- **Assigned task**
Retype the following data exactly, but leave its pictures out.

- **Data provided**
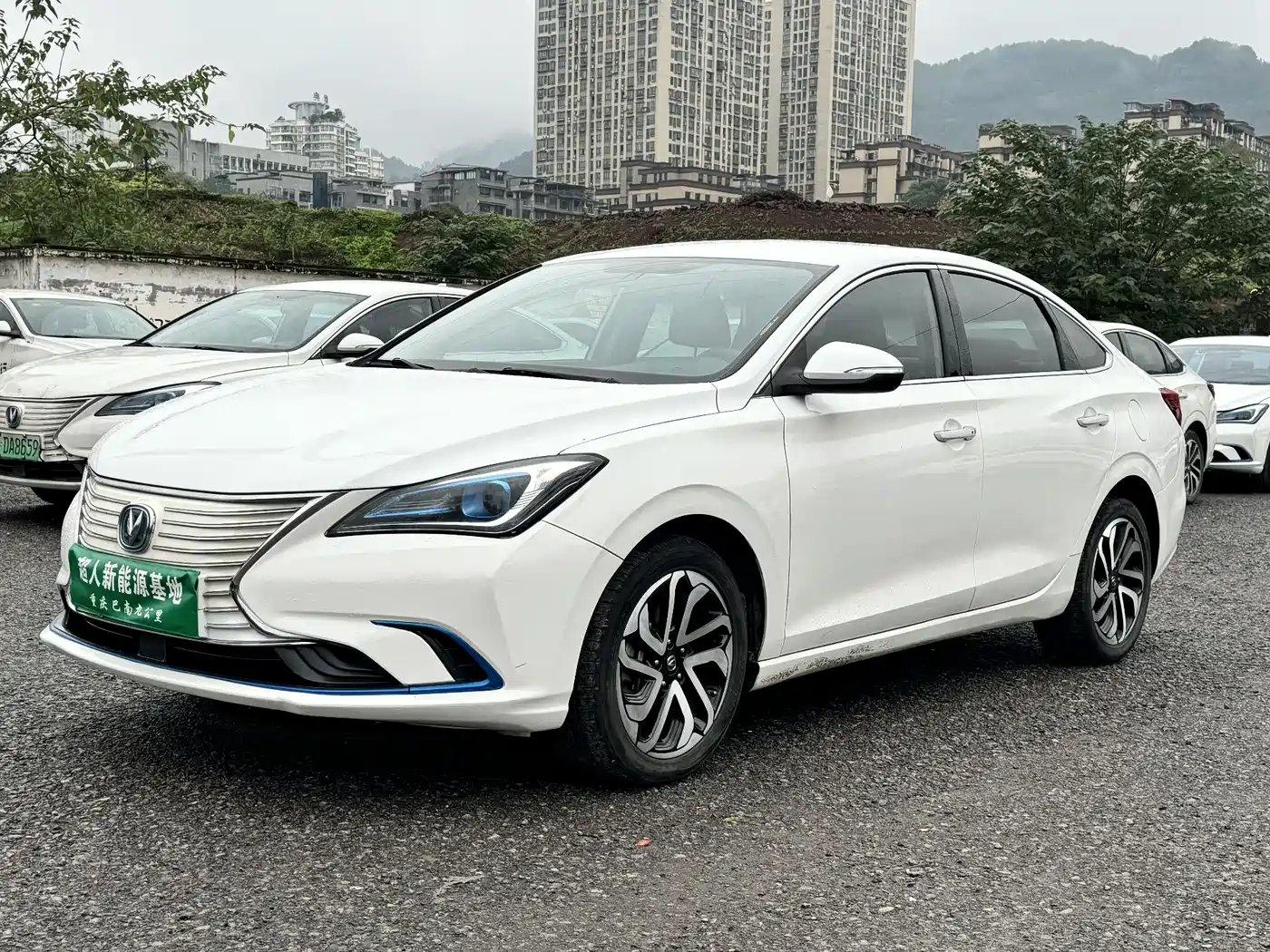 Changan Eado New Energy 2019 2019 EV460 Smart Enjoy Edition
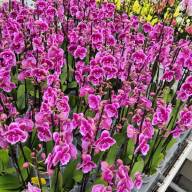Phal 1-tak Wild Berry 12/75 - IMG-20240704-WA0012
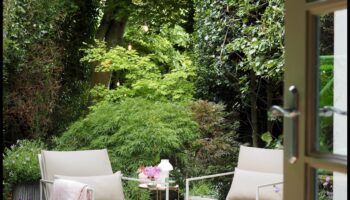 אופנתי בחוץ: ריהוט אופנתי למקלט הגן שלך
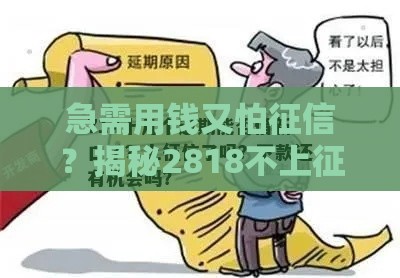 急需用钱又怕征信？揭秘2818不上征信的口子这些细节要注意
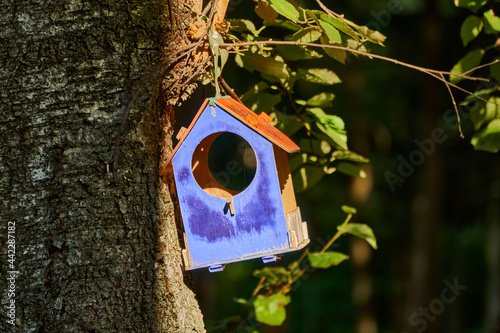 DIY blue bird feeder. Handmade birdhouse for birds. Tree house and bird food. Taking care of animals.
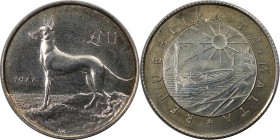 1 Pound 1977 
Europäische Münzen und Medaillen, Malta. Malteser Hund. 1 Pound 1977, Silber. 0.16 OZ. KM 45. Stempelglanz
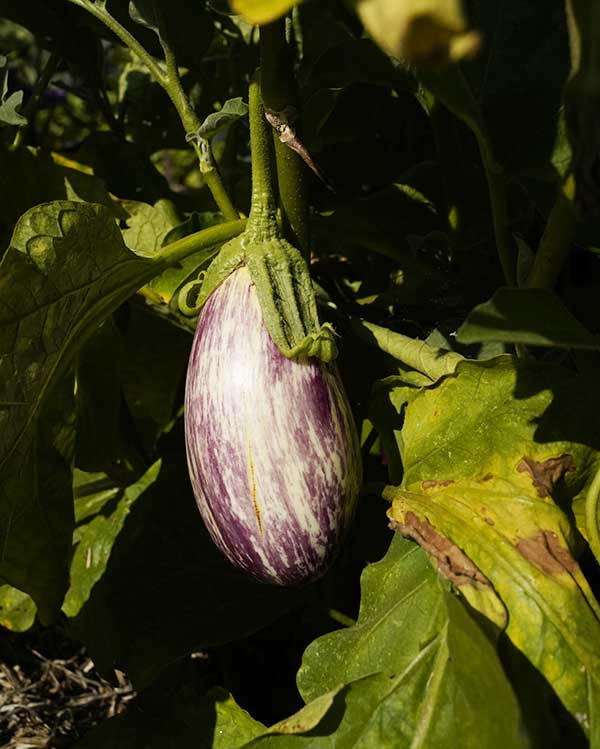 Aubergine Listada de Gandia – Image 2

- **Task response**
 Changan Eado New Energy 2019 2019 EV460 Smart Enjoy Edition
Phal 1-tak Wild Berry 12/75 - IMG-20240704-WA0012
 אופנתי בחוץ: ריהוט אופנתי למקלט הגן שלך
 急需用钱又怕征信？揭秘2818不上征信的口子这些细节要注意
 DIY blue bird feeder. Handmade birdhouse for birds. Tree house and bird food. Taking care of animals.
 1 Pound 1977 
Europäische Münzen und Medaillen, Malta. Malteser Hund. 1 Pound 1977, Silber. 0.16 OZ. KM 45. Stempelglanz
 Aubergine Listada de Gandia – Image 2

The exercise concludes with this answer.